Gus Casey extracted his wriggling twenty-one-month-old son, Cal, from his car seat as Dulcie, his five-year-old, waited patiently at his side. It had been less than a week since his sister, Laurie, left for Wyoming, and he was going crazy juggling two children and work. Thank God for the Cottage, the Morgan’s Run day care, where his two went tuition-free. As Cal toddled off toward the Cottage door, Gus took Dulcie’s hand. “It’ll get better soon, sweetie. I promise.”
His daughter nodded but said nothing. Gus worried about her constantly. Cal was plump and strong, but Dulcie never seemed to grow. A tow-haired wisp of a girl, she looked at least a year younger, as if one strong breeze would blow her away. The doctors claimed she was doing well, but still, he worried.
“Morning!” Lynn Manguilli, lead teacher, greeted Cal as the toddler sped by her.

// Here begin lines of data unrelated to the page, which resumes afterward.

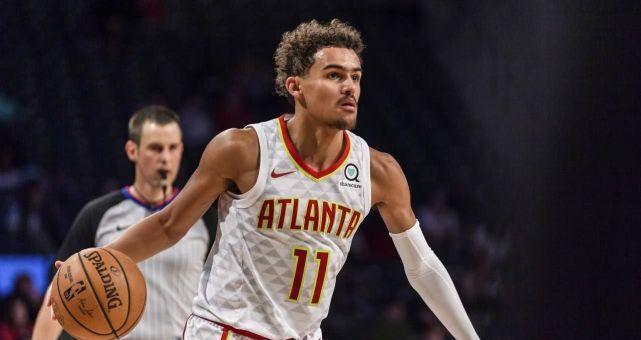 赛事中的优 赛事中的优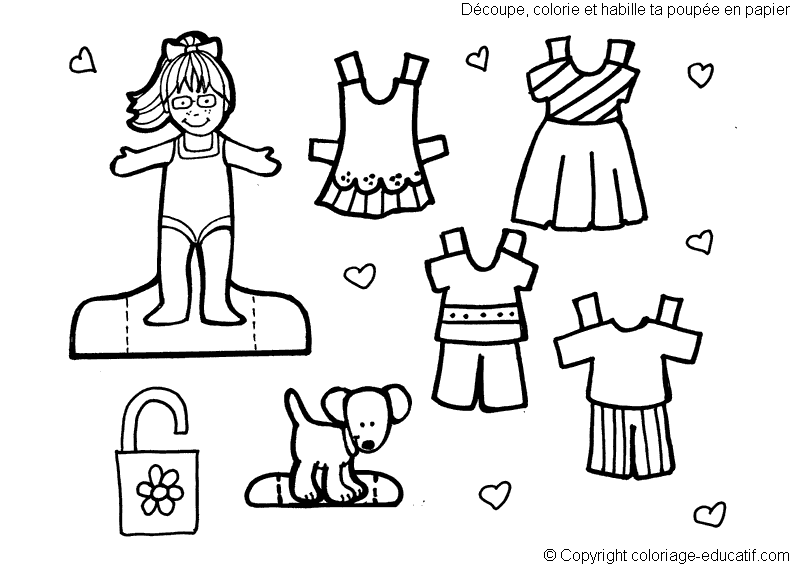 67-nina-poupee-papier-decoupage.gif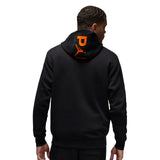 M PSG HBR FLC PO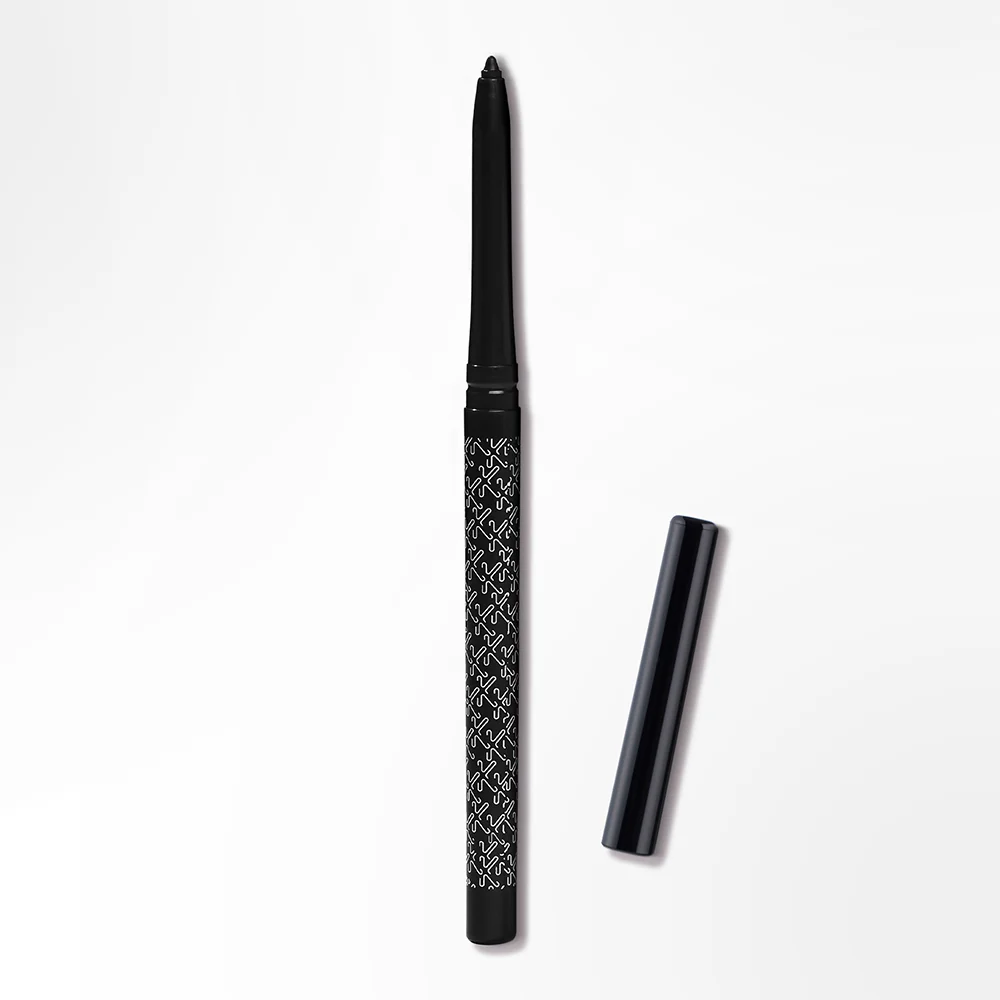 Kay Beauty waterproof kajal pencil for sensitive eyes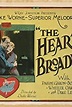The Heart of Broadway (1928) - IMDb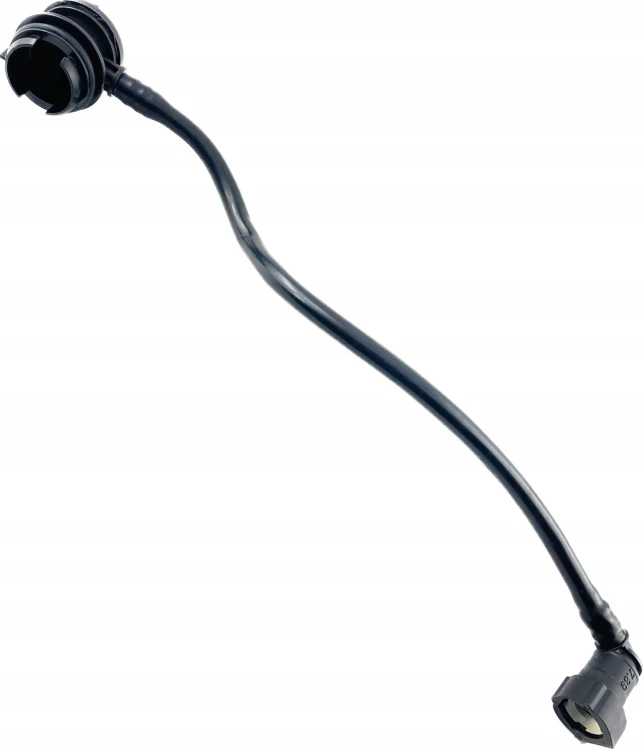 8dd2cd8886ec0eafaaedc289b41de4e5.jpg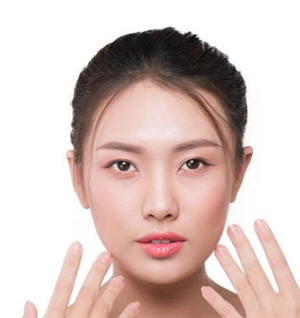 全切割和埋线有什么不同?埋线和全切那个好?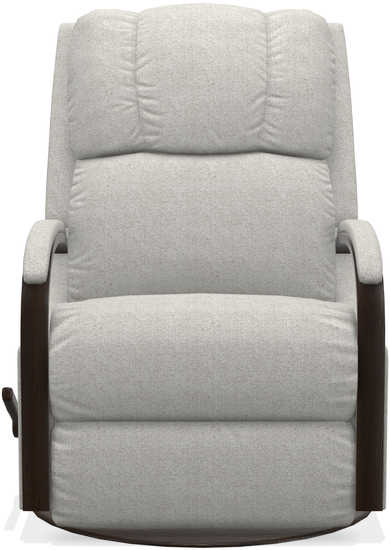 Harbor Town Gliding Recliner | La-Z-Boy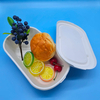 1000ML Food Container Box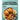 Convection Oven Cooking Made Simple: A Guide and Cookbook to Get the Most Out of Your Convection Oven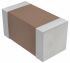 TDK 100pF Multilayer Ceramic Capacitor MLCC, 50V dc V, ±5% , SMD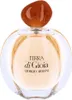 Armani Terra di Gioia Eau de Parfum 100 ml Náhled obrázku produktu 10
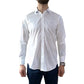 Harmont&blaine  Camicia CNN011012523I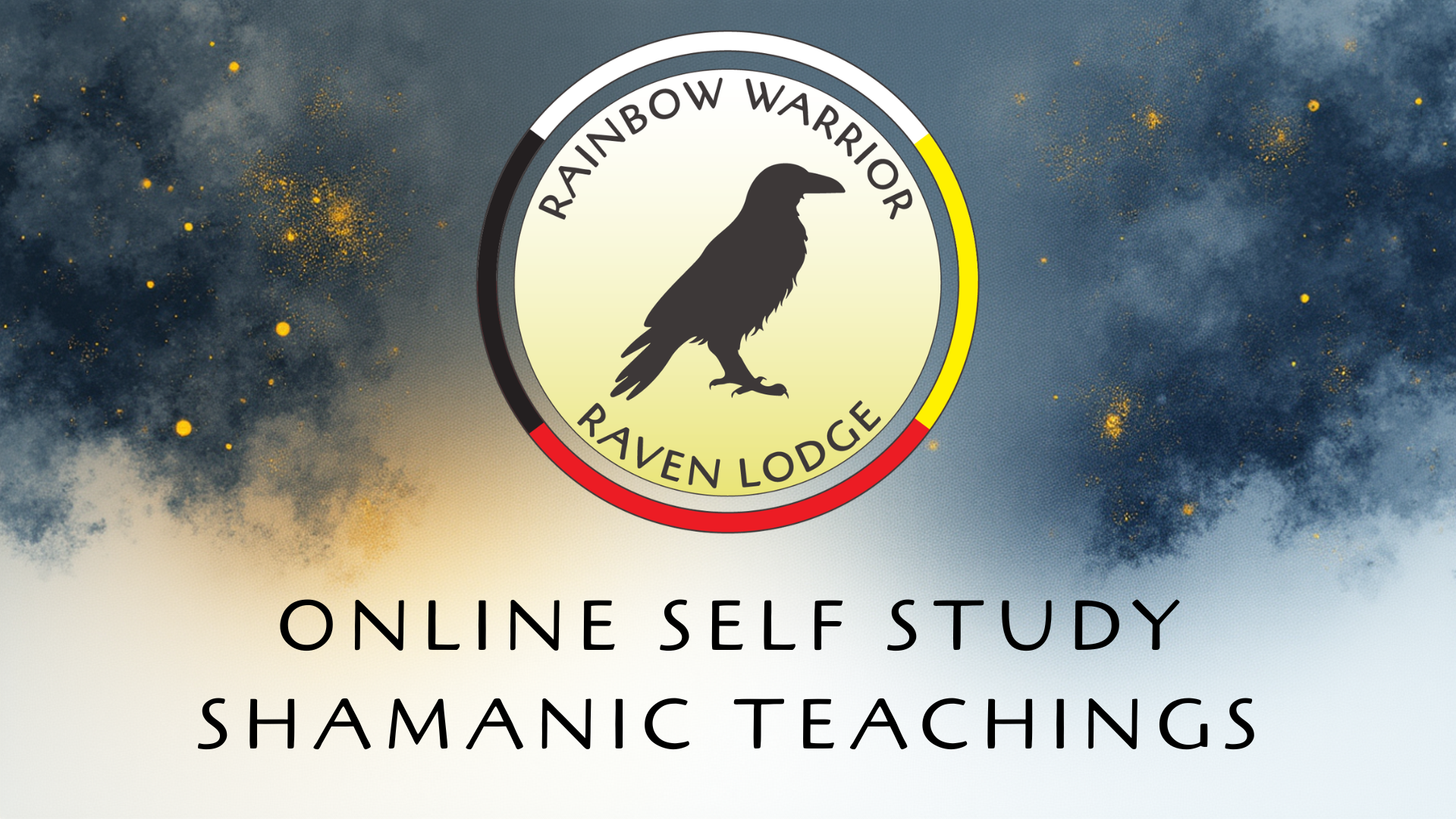 Discover Raven Lodge (1)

She gazed up, smiling at Dulcie, then Gus. “How are the Caseys this morning?”
He gave her a wry smile. “Holdin’ on by a thread.”
“It’ll get easier,” she said, smoothing Dulcie’s hair as the child hugged her.
“That’s what I keep tellin’ my sweetheart here,” he said. “Now I just have to convince myself.”
Lynn watched the handsome horse trainer with arresting green eyes and a grin that could melt an iceberg. His thick sandy hair was tousled as if he’d just rolled out of bed, and she had to repress the urge to comb her fingers through it to settle it down. Salt of the earth and steady as a rock. A girl could do worse than Gus Casey, Lynn mused, not for the first time. “You’re a great dad. You’ll see. You three’ll get into a routine of your own now that Laurie’s gone. And you can always hire extra help. Willow’s around this summer,” she said, referring to his boss’s eighteen-year-old who was just completing her freshman year of college.
“Yeah, Harley’s already suggested that. Thanks. I don’t know what we would do without you, Polly, and the Cottage.”
Lynn smiled. “You can thank the big bosses for this,” she said, referring to Ben Morgan Senior, his wife Leonora, and his college buddy Spark Foster, who had conceived of the idea for the day care center on the Morgans’ ranch. They’d also bankrolled it, from construction to the day-to-day running. Teachers’ salaries, supplies, and operating expenses were entirely funded by the Morgan-Foster Trust, and tuition was free for the children of all employees of Morgan’s Run and Valley Stables, the thoroughbred farm north of town where Gus was assistant trainer.
“Pretty amazing, aren’t they?” he said, thinking so are you. Lynn was warm and beautiful, and more than once since he’d moved to the Valley, Gus thought about asking her out. Too good for me, and way too smart was the conclusion he always reached. Also, too awkward if it didn’t work out and the kids still came to the Cottage.
He hung up backpacks, deposited lunches in the kitchen refrigerator, then kissed them both. “Be good,” he said to each child. Cal squirmed and ran off to the truck area, and Dulcie nodded, index finger in her mouth. Try as he might, he couldn’t break her of the finger-sucking habit. One day at a time, he thought, waving to Polly Granger, Lynn’s partner, then stopping at the door to say goodbye to Lynn. “Hope they behave for you.”
She patted his arm. “They always do. Don’t worry.”
Her touch was both comforting and electric. Gus gave her a weary smile and turned away, hoping she hadn’t caught the yearning in his gaze.
She had, and it surprised her as it always did. Surprised and unsettled her.